In my meta-reading reading I stumbled upon this quote from Alix Harrow that perfectly captures my intent in relaying small vignettes of reading reaction:
that's what reading is supposed to be, i think--an exchange, an enmeshment. it's like the inverse of that over-quoted but very [...] good ishiguro line: "stories are about one person saying to another: this is the way it feels to me. can you understand what I'm saying? does it feel this way to you?" if that's writing, then reading is the act of answering: no, it's not like that at all or i hear you or, yeah, that's exactly how it feels.
The first quarter of the year has three pairs of books from new authors - Jeffrey Lee Campell, Cathrynne Valente, and Rebecca Roanhorse.
1 “Who’s Afraid of a Large Black Man,” Charles Barkley, non-fiction, finished January 12.
Barkley tackles race, race relations, community and how to move all of these past sticking points. Carefully measured parts interview, Barkley monologue and erudite observation, I found the book equally impactful today given it’s almost two decades old. First published in 2005, some of the material does not stand up well over time: Obama seems like a good political candidate, but Barkley dismissed having a black man as President; Bill Cosby is held up as a community standard bearer before we knew all of his standards. The rest of it, however, is invariant and should be equally informing and alarming. A great way to start my “less sci-fi, more sci” in 2023.

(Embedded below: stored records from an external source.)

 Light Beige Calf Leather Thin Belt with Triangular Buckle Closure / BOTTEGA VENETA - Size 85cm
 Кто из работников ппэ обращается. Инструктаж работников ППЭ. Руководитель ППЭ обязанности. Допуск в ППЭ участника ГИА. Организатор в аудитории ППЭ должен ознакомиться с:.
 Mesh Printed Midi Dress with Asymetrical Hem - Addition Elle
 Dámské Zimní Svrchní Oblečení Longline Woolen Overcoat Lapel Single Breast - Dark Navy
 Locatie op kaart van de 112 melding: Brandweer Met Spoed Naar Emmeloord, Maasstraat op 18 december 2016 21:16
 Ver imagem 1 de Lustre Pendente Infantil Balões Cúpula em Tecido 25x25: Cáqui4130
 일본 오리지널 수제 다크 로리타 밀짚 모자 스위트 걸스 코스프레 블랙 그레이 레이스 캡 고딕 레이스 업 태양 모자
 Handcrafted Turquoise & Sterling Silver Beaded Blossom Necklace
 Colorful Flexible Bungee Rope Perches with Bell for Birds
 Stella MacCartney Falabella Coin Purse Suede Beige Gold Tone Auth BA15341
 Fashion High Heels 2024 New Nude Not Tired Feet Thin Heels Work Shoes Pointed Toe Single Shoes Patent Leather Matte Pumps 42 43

2 “The Fuzzbox Diaries,” Jeffrey Lee Campbell, music/biography, finished January 21.
A wonderful set of vignettes of life in New York City, the travails of a pit musician, the economic rollercoaster of a professional sideman and journeyman guitarist – all of whom are the author. Having heard stories and apocrypha about Broadway subs and touring musicians, Campbell’s book was a superb confirmation that what you see on the Billboard charts is 0.1% of what the music world is really about, and the truly hard work happens in the trenches (or the sub-stage spaces on 44-48th Streets in Midtown NY).
3. “Darwin Among The Machines,” George Dyson, non-fiction science, finished February 4
Written in the early days of the internet, before machine learning, Google and large language models, it’s a useful history of computation and the interplay between theoretical computer science, the theories of brains and minds, and the computable. Further convinces me that there is no Fermi paradox of sentient AI; if it was capable of producing itself it would have already.
4. “Space Opera,” Cathrynne Valente, sci-fi, finished February 5
In the liner notes, Valente gives propeller beanie tips to Douglas Adams’s “Hitchhiker’s Guide” and the Eurovision song contest, but this novel draws from, remixes, samples and amplifies so many things I love that I finished it in one day; it’s going to be one of my favorite books of the year. Whether it’s the Rent-like “one great song” or the Star Trek “Kirk has sex with aliens” or non-stop music references that would make Peter Frame blush, I laughed, made predictions, and resurfaced old DJ memories from the 1980s.
5. “Terraformers,” Annalee Newitz, sci-fi, finished February 6
Newitz takes the most long-range, daunting issues of climate change, sentience, personhood, and long-term market economies and extrapolates sixty millennia out in a wonderful, loving, and challenging book. If “Scatter, Adapt and Remember” is a handbook for avoiding species level extinction, then “Terraformers” is about creating new species and human experience with dignity and grace. Mild spoiler alert: there is public transportation that is sentient. Newitz uses this as a proxy for the worst of our last few centuries (slavery, indentured servitude, and the economic push-down of the lower economic classes) and is just one shining light out of the book.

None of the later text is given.